EXERCISE:
Retype word for word the lines of the data below, from the first to the one bearing "Номер Deluxe Кровать", with that one included.

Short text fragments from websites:
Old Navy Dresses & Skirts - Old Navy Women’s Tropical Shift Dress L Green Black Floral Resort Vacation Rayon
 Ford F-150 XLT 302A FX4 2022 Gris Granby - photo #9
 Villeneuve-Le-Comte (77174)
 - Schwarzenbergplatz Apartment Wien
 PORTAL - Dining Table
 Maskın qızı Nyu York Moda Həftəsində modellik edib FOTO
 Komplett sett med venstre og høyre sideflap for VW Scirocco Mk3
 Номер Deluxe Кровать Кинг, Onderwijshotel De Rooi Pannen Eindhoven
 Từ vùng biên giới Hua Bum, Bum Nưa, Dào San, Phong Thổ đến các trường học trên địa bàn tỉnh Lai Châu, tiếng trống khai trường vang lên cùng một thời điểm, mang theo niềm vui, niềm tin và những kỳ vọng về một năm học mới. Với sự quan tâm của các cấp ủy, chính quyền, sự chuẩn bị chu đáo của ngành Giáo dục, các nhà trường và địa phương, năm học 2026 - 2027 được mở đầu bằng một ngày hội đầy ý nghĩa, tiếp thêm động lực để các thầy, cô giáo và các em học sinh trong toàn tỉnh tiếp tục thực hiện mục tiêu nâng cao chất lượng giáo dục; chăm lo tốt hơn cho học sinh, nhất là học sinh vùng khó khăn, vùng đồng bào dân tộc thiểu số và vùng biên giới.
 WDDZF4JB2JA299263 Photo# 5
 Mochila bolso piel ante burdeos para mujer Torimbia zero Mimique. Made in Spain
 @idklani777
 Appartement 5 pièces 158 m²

OUTPUT FOR THIS EXERCISE:
Old Navy Dresses & Skirts - Old Navy Women’s Tropical Shift Dress L Green Black Floral Resort Vacation Rayon
 Ford F-150 XLT 302A FX4 2022 Gris Granby - photo #9
 Villeneuve-Le-Comte (77174)
 - Schwarzenbergplatz Apartment Wien
 PORTAL - Dining Table
 Maskın qızı Nyu York Moda Həftəsində modellik edib FOTO
 Komplett sett med venstre og høyre sideflap for VW Scirocco Mk3
 Номер Deluxe Кровать Кинг, Onderwijshotel De Rooi Pannen Eindhoven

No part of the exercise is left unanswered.